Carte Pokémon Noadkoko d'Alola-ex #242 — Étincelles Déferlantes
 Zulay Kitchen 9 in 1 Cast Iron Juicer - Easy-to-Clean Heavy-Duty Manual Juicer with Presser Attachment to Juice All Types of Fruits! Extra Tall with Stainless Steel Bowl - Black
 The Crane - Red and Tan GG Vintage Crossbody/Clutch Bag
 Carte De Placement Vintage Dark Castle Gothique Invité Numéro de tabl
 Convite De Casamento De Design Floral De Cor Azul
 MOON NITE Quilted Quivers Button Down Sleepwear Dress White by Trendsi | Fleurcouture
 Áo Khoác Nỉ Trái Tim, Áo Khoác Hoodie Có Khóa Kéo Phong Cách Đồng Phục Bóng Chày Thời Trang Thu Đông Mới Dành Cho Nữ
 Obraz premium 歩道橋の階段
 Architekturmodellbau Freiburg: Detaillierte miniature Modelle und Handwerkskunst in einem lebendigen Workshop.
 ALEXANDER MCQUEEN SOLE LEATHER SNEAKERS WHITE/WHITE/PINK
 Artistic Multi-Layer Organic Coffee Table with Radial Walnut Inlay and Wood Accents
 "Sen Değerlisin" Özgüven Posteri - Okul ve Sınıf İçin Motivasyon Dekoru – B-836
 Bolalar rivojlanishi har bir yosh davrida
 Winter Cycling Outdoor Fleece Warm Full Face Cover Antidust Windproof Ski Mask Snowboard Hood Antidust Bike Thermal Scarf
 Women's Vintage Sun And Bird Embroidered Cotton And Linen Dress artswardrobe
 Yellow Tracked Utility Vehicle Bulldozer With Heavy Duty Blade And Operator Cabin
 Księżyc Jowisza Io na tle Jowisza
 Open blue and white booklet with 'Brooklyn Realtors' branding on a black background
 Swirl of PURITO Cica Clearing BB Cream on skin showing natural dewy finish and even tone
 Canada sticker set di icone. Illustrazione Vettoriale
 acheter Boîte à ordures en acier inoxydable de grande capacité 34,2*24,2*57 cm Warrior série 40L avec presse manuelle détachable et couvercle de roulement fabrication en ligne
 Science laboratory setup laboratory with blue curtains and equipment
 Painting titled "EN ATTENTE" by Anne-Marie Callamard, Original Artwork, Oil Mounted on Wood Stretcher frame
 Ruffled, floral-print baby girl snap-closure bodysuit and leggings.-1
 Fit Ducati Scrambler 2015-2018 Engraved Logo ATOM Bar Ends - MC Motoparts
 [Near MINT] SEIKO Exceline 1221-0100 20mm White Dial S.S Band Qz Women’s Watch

• **Instructions to follow**
A single number is the whole answer here: the number of lines in the data containing "Wood".

• **Solution for this exercise**
2